The Bloomsbury Group artists are recognised for both their unconventional lifestyles and avantgarde art practises. Their artistic theories and experiments dramatically refashioned the landscape of British Modernism whilst their free-thinking bohemia nurtured a progressive culture, within which many of the values of their Edwardian upbringings were rejected.
From contained scenes of private London gardens to sweeping views from their Mediterranean travels, the works in this exhibition offer an insight into the lifestyles of these remarkable artists.
An introduction to the artists exhibited in Bloomsbury Life
Roger Fry (1866-1934)
Roger Fry whipped up a furore in the early 20th century with the opening of two exhibitions in 1910 and 1912: Manet and the Post-Impressionists and The Second Post-Impressionist Exhibition at the Grafton Galleries, London. The first exhibition included vividly coloured modern works by artists such as Van Gogh, Gauguin and Cézanne and attracted over 25,000 visitors over two months. It challenged established artistic traditions of form and beauty in Britain yet simultaneously enthused a younger generation of artists – namely, artists Vanessa Bell and Duncan Grant.
Vanessa Bell (1879-1961)
Vanessa Bell, and her sister Virginia Woolf, were instrumental in the establishment of the Bloomsbury Group. The tragic early death of both their parents saw Bell, the eldest sibling, become head of her family. Bell and Woolf opened their Bloomsbury home to like-minded, artistic individuals who would later become known as the Bloomsbury Group. Here, artists collaborated, shared ideas and formed close bonds - and in some cases, relationships.
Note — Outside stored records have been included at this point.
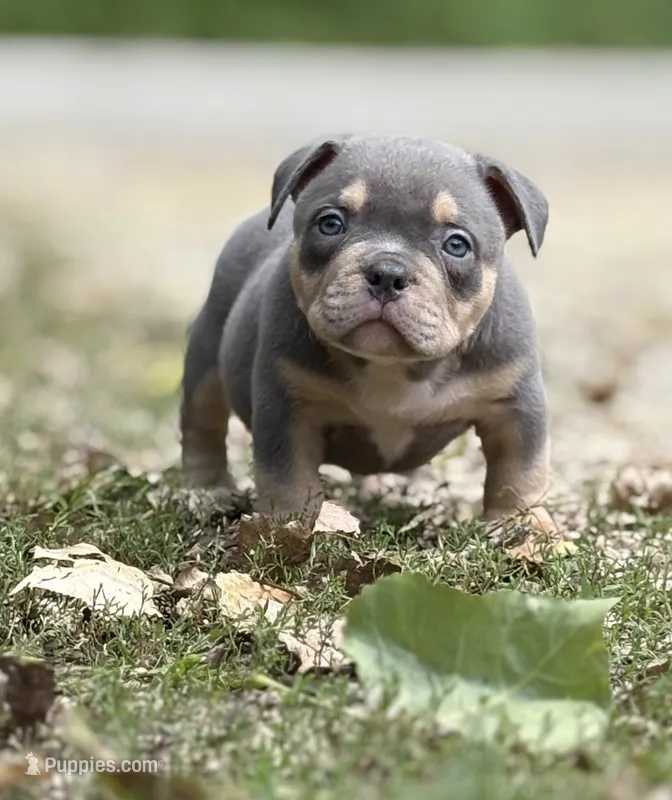 LIL MAN – American Bully puppy for sale in Rockford, IL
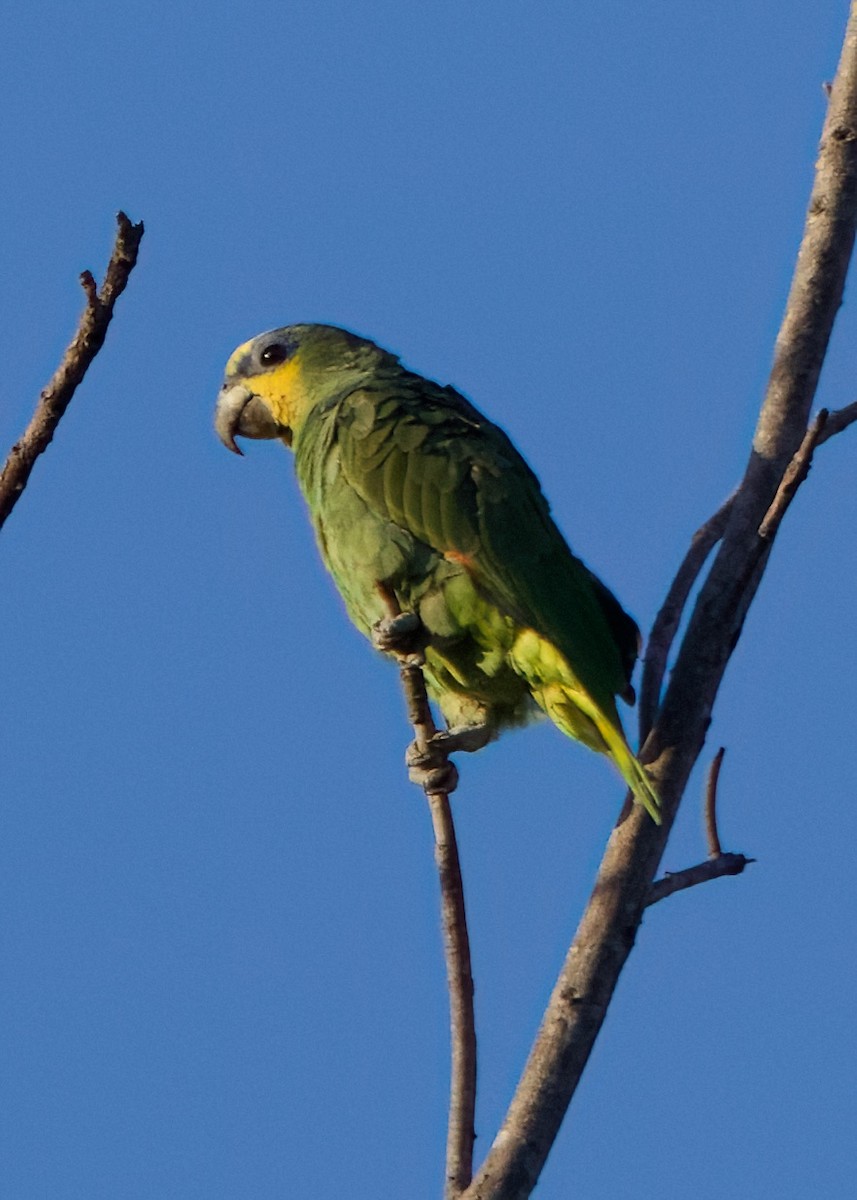 Orange-winged Parrot - Anita  Spencer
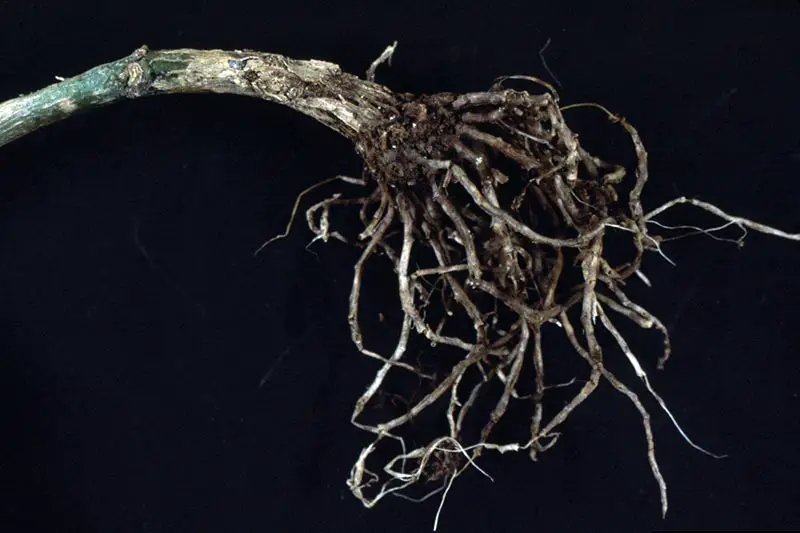 Una imagen horizontal de primer plano de las raíces que sufren de pudrición de la raíz por Pythium en un fondo negro.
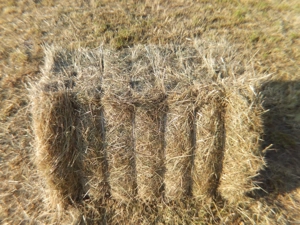 Heu, Heuballen, Quaderballen 1.Schnitt 2025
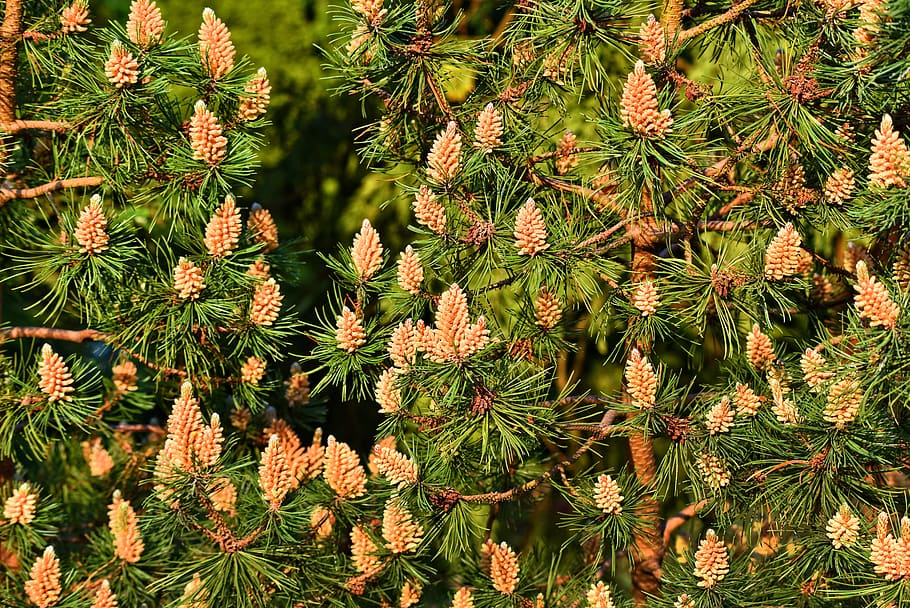 pine tree, conifer, conifer cone, male cone, young cone, growth HD wallpaper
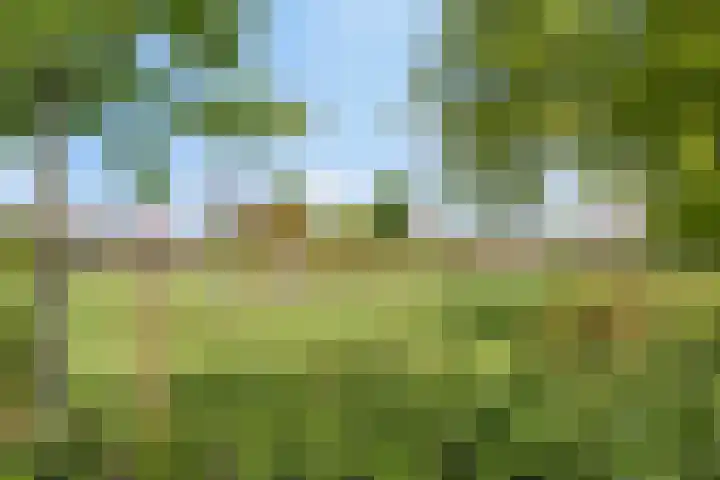 Oude Dijk 6 Kapelle thumbnail 47
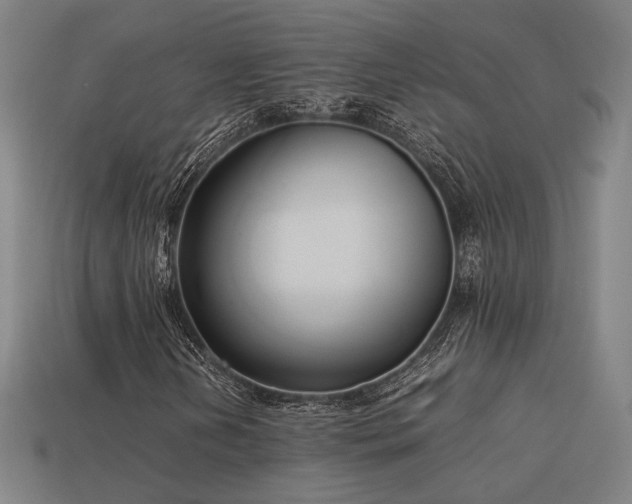 X0000113931202200909251212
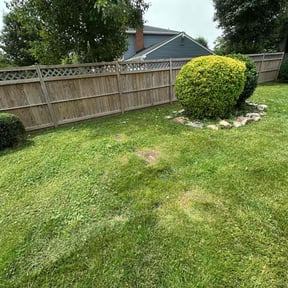 Bush Trimming by Greg's gardens reviewed on May 27, 2025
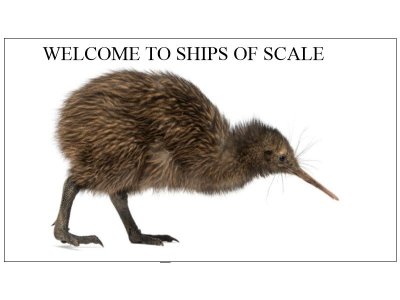 Kiwi.jpg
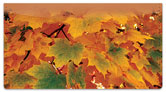 Colors of Fall Checkbook Cover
In 1912, Bell’s work was included in The Second Post-Impressionist Exhibition organised by Fry. Enthused by the first Post-Impressionist exhibition, Bell’s style at this time became bolder than ever, and her pursuit of colour was arguably unmatched by any of her contemporise. One of Bell’s most accomplished works from this date is Studland Beach which demonstrates her daring combination of bold colour and simplified form and has rightly been described as ‘one of the most radical works produced at that time in Britain…’. A work executed in the same year is on display in our current exhibition Bloomsbury Life which exemplifies this dramatic pursuit of line and colour. Click here to view Bell’s Still-Life of Dahlias, Chrysanthemums and Begonias 1912.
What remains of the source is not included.